GIVEN MATERIAL
■ ■ ■ ■
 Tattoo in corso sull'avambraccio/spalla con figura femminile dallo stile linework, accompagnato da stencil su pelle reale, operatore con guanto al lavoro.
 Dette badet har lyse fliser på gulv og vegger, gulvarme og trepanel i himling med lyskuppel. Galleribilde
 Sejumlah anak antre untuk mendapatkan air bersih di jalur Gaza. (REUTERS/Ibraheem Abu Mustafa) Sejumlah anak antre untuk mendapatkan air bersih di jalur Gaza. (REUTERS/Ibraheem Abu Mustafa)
■ ■ ■ ■
WHAT IS EXPECTED
Restate the material word for word so that no line differs from the original.

FINAL ANSWER
 Tattoo in corso sull'avambraccio/spalla con figura femminile dallo stile linework, accompagnato da stencil su pelle reale, operatore con guanto al lavoro.
 Dette badet har lyse fliser på gulv og vegger, gulvarme og trepanel i himling med lyskuppel. Galleribilde
 Sejumlah anak antre untuk mendapatkan air bersih di jalur Gaza. (REUTERS/Ibraheem Abu Mustafa) Sejumlah anak antre untuk mendapatkan air bersih di jalur Gaza. (REUTERS/Ibraheem Abu Mustafa)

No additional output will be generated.